5. Days of Heaven (1978)

days-of-heaven

Jane Campion’s The Power of the Dog is a slow-burn period piece that instead of adhering to a conventional narrative progression, rests almost entirely upon the thorny game of façades and bluffs between its characters. Critics have been quick to draw parallels between Campion’s latest hit and Terrence Malick’s contemplative classic, both thematically and visually.
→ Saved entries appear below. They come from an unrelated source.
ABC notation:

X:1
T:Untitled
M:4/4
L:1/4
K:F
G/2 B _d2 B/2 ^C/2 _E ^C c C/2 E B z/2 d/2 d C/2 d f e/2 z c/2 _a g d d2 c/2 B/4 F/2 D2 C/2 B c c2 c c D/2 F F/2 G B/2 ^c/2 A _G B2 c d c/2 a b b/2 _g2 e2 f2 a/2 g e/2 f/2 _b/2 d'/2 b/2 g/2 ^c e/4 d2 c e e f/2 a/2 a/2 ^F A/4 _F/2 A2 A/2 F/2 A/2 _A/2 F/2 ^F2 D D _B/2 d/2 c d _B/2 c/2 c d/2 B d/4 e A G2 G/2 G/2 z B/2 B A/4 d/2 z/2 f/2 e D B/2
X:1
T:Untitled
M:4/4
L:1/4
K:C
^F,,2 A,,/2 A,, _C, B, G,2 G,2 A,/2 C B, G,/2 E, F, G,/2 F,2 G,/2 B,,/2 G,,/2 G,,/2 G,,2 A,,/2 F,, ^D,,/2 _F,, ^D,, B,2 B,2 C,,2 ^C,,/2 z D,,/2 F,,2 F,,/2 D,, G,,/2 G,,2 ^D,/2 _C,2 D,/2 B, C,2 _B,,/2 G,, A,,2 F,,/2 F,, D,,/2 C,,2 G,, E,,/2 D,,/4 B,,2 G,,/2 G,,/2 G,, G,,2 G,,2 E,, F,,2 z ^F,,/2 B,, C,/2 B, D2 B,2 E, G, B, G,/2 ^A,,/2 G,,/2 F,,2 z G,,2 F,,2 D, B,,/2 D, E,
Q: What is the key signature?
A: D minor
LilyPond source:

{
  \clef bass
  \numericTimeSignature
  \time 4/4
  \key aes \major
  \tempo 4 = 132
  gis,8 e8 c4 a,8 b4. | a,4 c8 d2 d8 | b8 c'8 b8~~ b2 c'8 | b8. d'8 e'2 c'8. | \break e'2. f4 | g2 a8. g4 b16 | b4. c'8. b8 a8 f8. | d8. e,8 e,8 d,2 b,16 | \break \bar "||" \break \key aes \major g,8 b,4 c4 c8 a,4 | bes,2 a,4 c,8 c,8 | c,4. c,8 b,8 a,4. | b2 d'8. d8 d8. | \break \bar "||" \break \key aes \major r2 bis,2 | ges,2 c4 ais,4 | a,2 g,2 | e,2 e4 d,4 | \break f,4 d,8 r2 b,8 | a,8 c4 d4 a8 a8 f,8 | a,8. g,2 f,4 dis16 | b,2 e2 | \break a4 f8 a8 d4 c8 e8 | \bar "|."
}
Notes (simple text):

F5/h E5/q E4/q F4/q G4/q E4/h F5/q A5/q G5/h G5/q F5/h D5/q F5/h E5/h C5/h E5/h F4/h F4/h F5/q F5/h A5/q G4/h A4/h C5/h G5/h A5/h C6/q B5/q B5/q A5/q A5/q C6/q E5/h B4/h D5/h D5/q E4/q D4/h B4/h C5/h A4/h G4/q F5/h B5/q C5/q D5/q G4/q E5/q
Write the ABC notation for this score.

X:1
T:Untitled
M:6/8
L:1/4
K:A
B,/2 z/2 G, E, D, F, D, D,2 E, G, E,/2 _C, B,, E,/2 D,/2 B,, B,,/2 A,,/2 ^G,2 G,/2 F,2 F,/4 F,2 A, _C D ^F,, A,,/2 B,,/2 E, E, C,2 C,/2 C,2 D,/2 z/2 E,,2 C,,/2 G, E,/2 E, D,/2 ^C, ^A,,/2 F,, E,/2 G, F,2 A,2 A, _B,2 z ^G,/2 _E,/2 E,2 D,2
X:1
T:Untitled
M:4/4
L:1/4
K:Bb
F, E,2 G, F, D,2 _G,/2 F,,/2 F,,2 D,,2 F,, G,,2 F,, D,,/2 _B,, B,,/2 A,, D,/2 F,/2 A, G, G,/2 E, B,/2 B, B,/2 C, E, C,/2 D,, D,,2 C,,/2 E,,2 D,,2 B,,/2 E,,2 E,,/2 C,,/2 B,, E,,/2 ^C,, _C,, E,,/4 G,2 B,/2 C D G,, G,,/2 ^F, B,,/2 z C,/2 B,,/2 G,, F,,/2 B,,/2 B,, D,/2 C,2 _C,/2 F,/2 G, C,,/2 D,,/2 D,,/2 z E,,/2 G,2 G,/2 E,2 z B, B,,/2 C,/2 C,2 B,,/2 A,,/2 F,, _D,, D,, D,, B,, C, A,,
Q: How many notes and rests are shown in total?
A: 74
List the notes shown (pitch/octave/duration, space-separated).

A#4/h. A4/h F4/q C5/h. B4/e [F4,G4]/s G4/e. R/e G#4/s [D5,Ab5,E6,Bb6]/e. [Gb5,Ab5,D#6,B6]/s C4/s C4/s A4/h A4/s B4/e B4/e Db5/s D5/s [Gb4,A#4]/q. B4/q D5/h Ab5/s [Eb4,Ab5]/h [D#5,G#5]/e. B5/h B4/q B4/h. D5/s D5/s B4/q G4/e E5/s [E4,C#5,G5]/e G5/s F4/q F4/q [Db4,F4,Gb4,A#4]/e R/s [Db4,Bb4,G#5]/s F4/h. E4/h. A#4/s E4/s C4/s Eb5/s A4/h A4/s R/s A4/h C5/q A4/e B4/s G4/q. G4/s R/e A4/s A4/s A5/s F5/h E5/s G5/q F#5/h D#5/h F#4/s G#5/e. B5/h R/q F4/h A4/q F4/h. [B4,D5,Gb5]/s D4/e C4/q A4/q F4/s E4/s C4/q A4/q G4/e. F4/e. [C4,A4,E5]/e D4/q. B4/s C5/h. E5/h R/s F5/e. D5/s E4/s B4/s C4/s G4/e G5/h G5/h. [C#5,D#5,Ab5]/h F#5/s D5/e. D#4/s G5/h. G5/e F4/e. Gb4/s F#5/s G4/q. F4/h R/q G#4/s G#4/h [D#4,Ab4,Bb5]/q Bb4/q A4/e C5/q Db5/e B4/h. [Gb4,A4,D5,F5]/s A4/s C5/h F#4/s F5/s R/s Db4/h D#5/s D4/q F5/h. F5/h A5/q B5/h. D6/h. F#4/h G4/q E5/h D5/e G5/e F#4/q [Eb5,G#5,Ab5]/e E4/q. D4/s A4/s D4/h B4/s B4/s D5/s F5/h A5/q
As is the case with most of his films, Days of Heaven is a sight to behold; as well as a poetic meditation on mankind, religion and industrialization that uses the early 20th century countryside as its idyllic setting.

Campion herself credited Malick’s second feature for helping her devise the right choices for her western, particularly in terms of the film’s atmosphere and the importance of nature in the story. “Days of Heaven is beautiful and elegiac; the amazing summer no one will ever forget.” The director went on to acknowledge the film’s sustained mood of romance and impending doom, especially when it comes to the central love triangle between Sam Shepard, Brooke Adams and Richard Gere. “There is the secret that cannot hold and the anxiety of wondering how it will fray”.